(MATERIAL SHOWN begins)

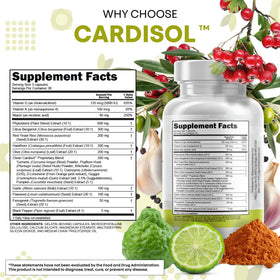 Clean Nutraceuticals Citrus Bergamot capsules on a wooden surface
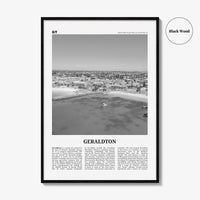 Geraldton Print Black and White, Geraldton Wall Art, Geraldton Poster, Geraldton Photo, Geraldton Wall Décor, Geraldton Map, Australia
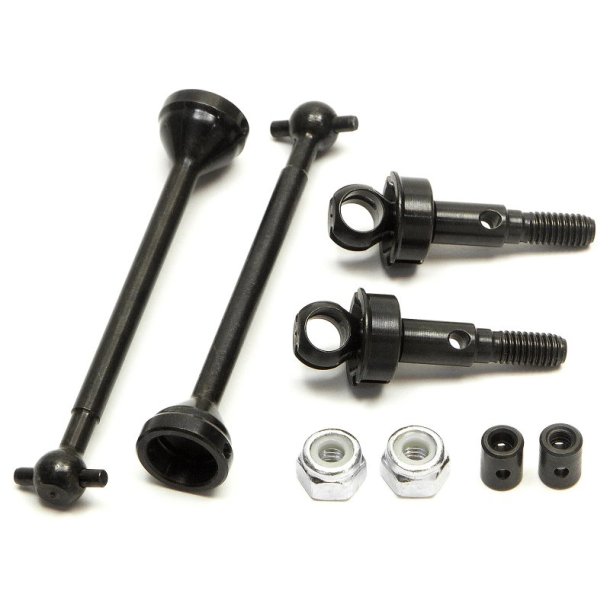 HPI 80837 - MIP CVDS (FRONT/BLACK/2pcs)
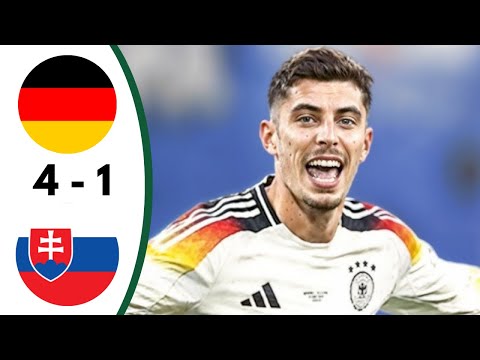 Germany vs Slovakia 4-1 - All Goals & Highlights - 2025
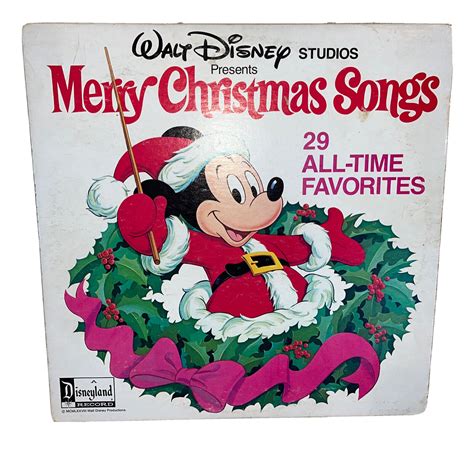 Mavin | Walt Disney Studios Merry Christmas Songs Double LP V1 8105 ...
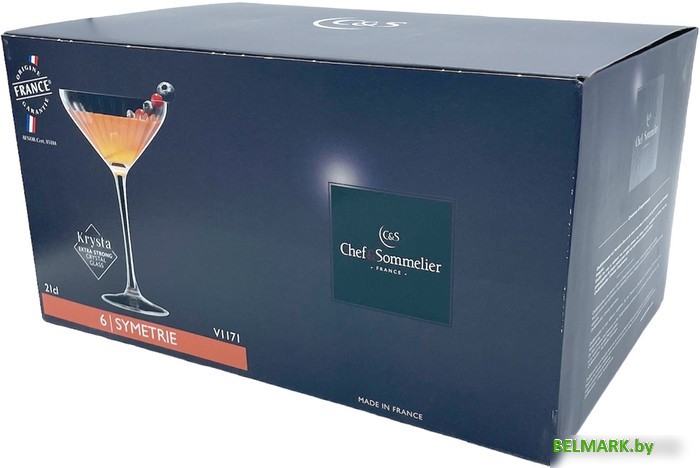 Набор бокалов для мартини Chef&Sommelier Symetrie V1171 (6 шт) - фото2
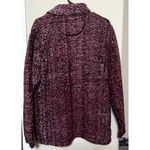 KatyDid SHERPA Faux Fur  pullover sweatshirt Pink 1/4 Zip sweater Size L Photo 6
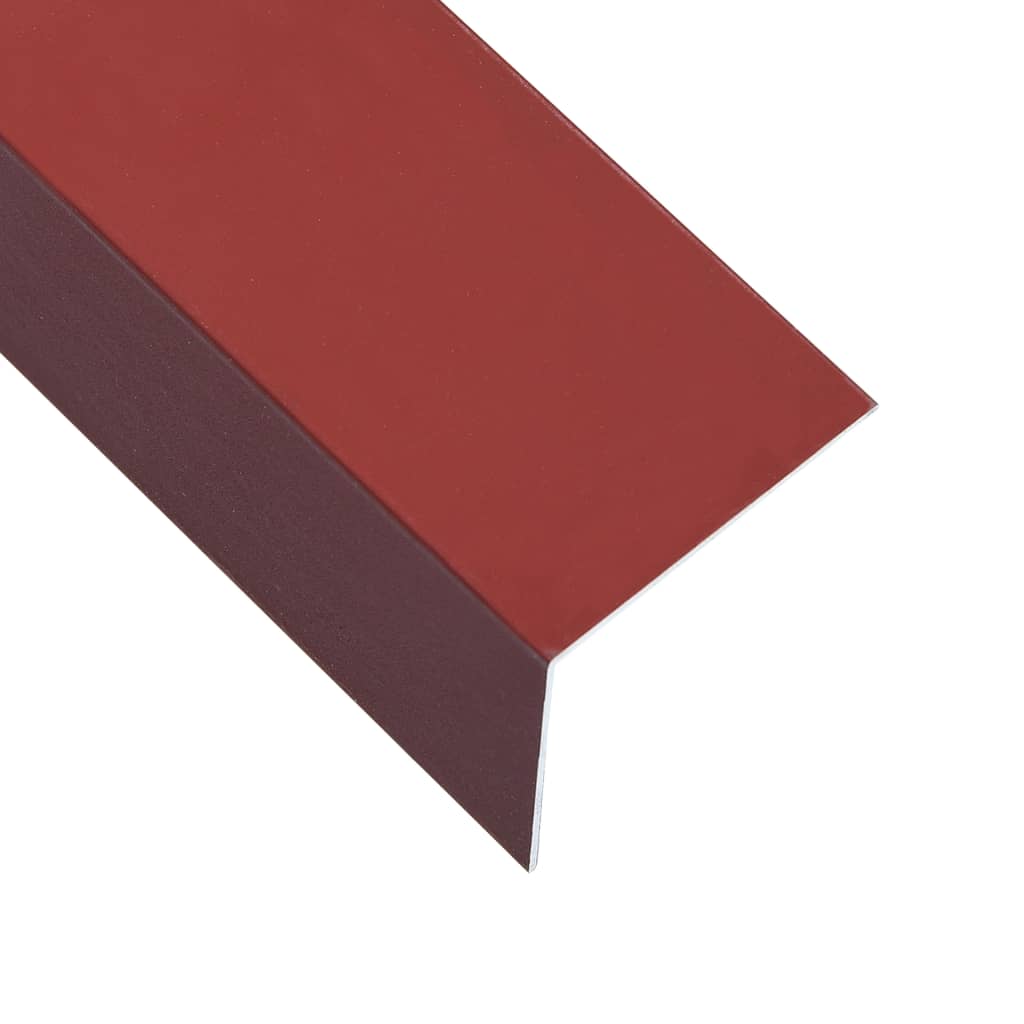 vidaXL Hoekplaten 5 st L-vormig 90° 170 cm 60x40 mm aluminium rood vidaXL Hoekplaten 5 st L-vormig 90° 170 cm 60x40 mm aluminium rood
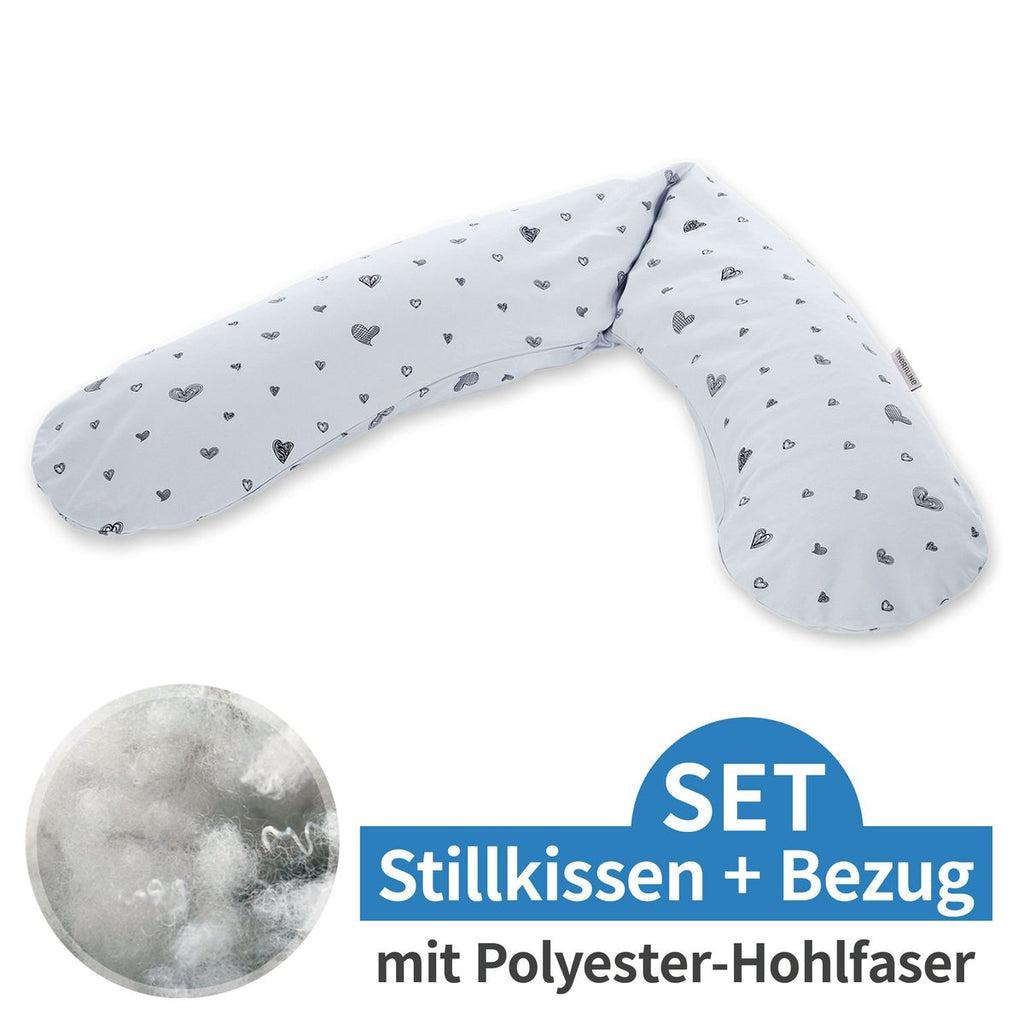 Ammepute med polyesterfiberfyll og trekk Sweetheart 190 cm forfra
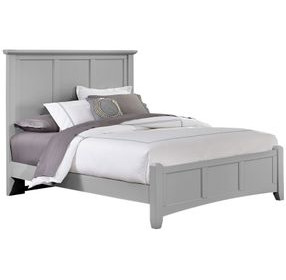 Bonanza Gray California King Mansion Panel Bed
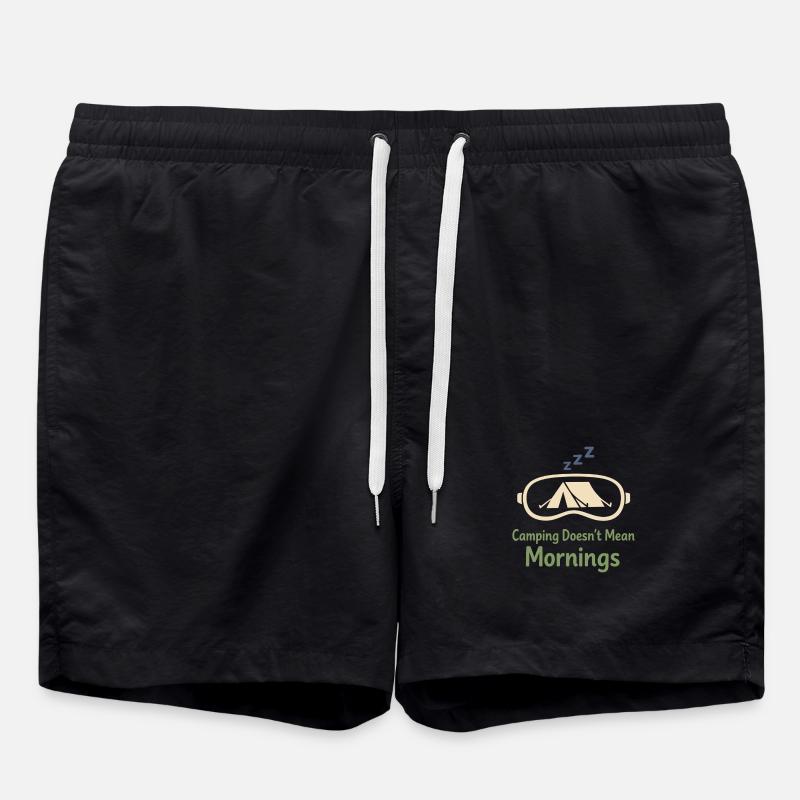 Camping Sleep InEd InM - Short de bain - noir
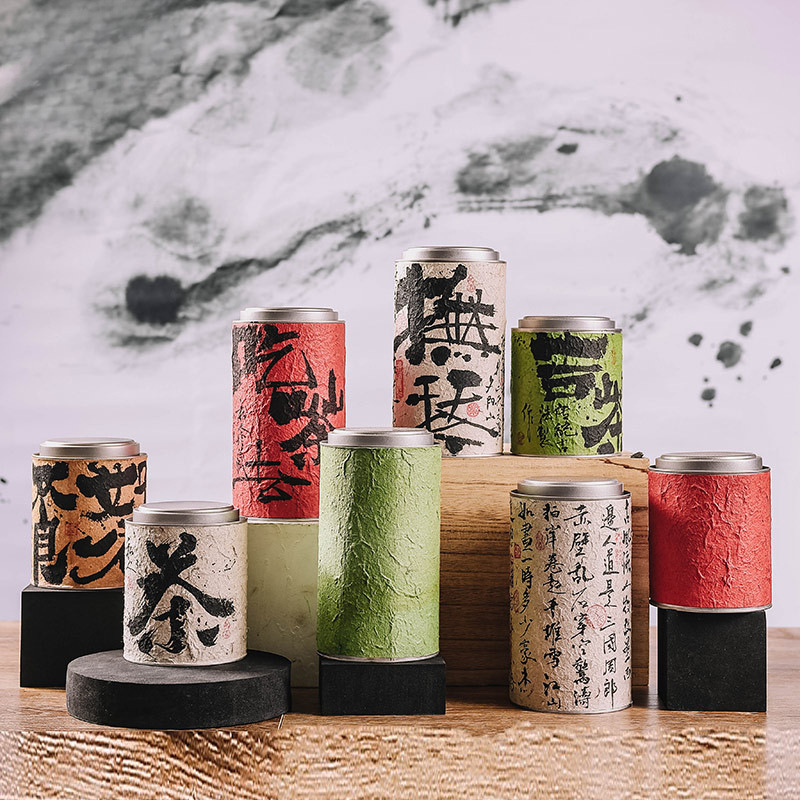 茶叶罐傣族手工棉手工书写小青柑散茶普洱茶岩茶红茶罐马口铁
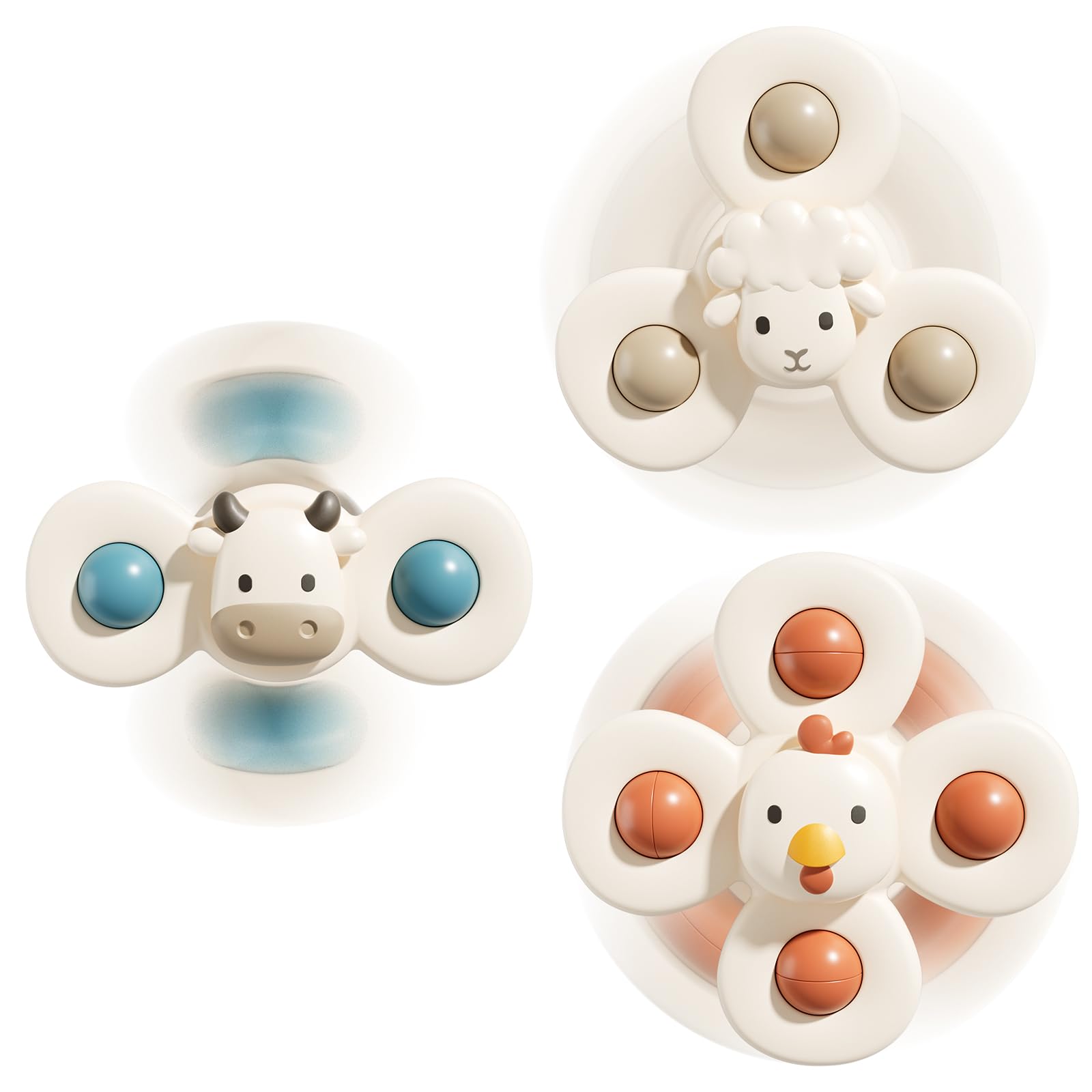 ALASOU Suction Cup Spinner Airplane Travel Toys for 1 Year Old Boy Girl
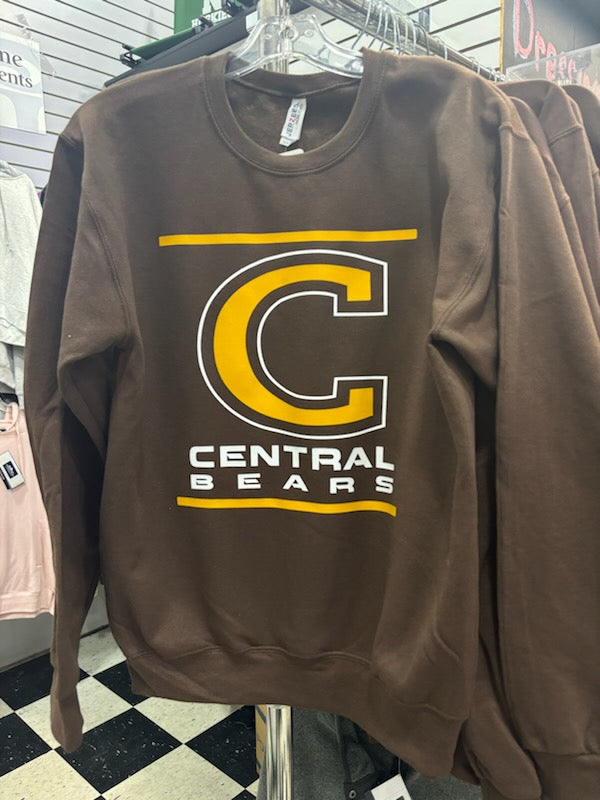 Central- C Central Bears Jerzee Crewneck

(MATERIAL SHOWN ends)

**WHAT TO DO:**
Starting at the line with "Geraldton Print Black" and finishing at the line with "Набор бокалов для", copy the material above exactly, both lines included. Nothing else goes in, and no pictures.

**THE COMPLETED TASK:**
 Geraldton Print Black and White, Geraldton Wall Art, Geraldton Poster, Geraldton Photo, Geraldton Wall Décor, Geraldton Map, Australia
 HPI 80837 - MIP CVDS (FRONT/BLACK/2pcs)
 Germany vs Slovakia 4-1 - All Goals & Highlights - 2025
 Mavin | Walt Disney Studios Merry Christmas Songs Double LP V1 8105 ...
 Набор бокалов для мартини Chef&Sommelier Symetrie V1171 (6 шт) - фото2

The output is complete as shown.